With the Taliban threatening to overrun large parts of Afghanistan, First Vice President Abdul Rashid Dostum is seeking help from an old ally -- Russia.
A graduate of the Soviet Military Academy and a general in the Soviet-backed Afghan army, Dostum is hoping his old links to Moscow will help him secure crucial military support for Afghanistan's besieged security forces.
A trip to Russia took him to Moscow and Chechnya, where he met with Ramzan Kadyrov on the Kremlin-backed regional strongman's birthday on October 5.
Dostum, who led an ethnic Uzbek militia during the civil war of the 1990s, landed in Moscow last week. He has held talks with top Russian security officials, pleading for heavy weapons and helicopter gunships for the 350,000-strong Afghan National Security Forces.
"The Russian side is committed to support and help Afghanistan in terms of helping its air and military forces," Dostum's spokesman, Sultan Faizy, told RFE/RL by telephone. "We're lacking air support, weapons, ammunition.
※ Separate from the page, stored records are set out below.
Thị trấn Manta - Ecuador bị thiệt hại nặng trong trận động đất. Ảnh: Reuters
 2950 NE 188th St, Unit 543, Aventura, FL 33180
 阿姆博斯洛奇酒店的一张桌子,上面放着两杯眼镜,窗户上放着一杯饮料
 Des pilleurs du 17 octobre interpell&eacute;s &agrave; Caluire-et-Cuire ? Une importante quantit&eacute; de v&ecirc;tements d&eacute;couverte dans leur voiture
We need a lot of backing and support to fight against terrorism."
But Faizy said that would not mean direct military intervention by Russia, which is still mindful of the 1979-89 war that killed some 15,000 Soviet soldiers and has repeatedly said it would not send troops to Afghanistan.
Faizy said that Moscow had promised to evaluate the situation in Afghanistan and "see what they can help with."
Russia has also pledged to pressure the former Soviet republics of Central Asia, three of which border Afghanistan, to boost support for the country, Faizy said.
Looking For Help
Faizy said Russian officials told Dostum they were concerned about Islamic State (IS) militants gaining ground in Afghanistan and the Taliban's brief capture last week of the northern city of Kunduz, the first time the militants have overrun a major urban center since being ousted from power by the U.S.-led invasion in 2001.
The Taliban's capture of Kunduz was a major embarrassment to the U.S.-funded Afghan security forces, fueling questions over whether they can fend off militants without NATO troops, most of which pulled out of the country last year.
Dostum has urged the Central Asian countries -- where he has visited regularly -- to provide weapons and other military support.
Last year, Dostum made unofficial visits to Uzbekistan and Kazakhstan in order to negotiate potential deals for such assistance. But he came back empty-handed.
Dostum is now hoping his former connections with Moscow will translate into direct support.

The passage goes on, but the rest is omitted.